**What is being asked:**
In the data that follows, find the line with "sac a dos et voiture noir 38x26x31c"; transcribe it, every later line up to the one with "Certified 2024 Volkswagen", and that line as well, exactly and with no others.
__________________________________________________
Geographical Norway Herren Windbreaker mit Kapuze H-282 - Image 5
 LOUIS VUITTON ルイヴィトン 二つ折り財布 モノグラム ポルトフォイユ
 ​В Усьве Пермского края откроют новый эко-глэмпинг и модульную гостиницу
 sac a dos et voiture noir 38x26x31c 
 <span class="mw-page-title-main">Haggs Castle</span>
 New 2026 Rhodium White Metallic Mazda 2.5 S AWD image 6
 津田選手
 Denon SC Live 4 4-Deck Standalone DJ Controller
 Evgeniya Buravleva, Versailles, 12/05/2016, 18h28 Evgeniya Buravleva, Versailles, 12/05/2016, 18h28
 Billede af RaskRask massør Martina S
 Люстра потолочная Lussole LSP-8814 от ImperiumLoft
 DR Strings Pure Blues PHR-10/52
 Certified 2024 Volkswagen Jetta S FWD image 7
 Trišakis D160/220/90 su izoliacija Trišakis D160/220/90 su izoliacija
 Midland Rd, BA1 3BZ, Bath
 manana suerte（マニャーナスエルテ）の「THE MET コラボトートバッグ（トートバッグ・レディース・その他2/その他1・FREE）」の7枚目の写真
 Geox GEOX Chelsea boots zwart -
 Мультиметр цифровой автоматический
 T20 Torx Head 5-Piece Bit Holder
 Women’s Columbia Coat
__________________________________________________
**Response area:**
 sac a dos et voiture noir 38x26x31c 
 <span class="mw-page-title-main">Haggs Castle</span>
 New 2026 Rhodium White Metallic Mazda 2.5 S AWD image 6
 津田選手
 Denon SC Live 4 4-Deck Standalone DJ Controller
 Evgeniya Buravleva, Versailles, 12/05/2016, 18h28 Evgeniya Buravleva, Versailles, 12/05/2016, 18h28
 Billede af RaskRask massør Martina S
 Люстра потолочная Lussole LSP-8814 от ImperiumLoft
 DR Strings Pure Blues PHR-10/52
 Certified 2024 Volkswagen Jetta S FWD image 7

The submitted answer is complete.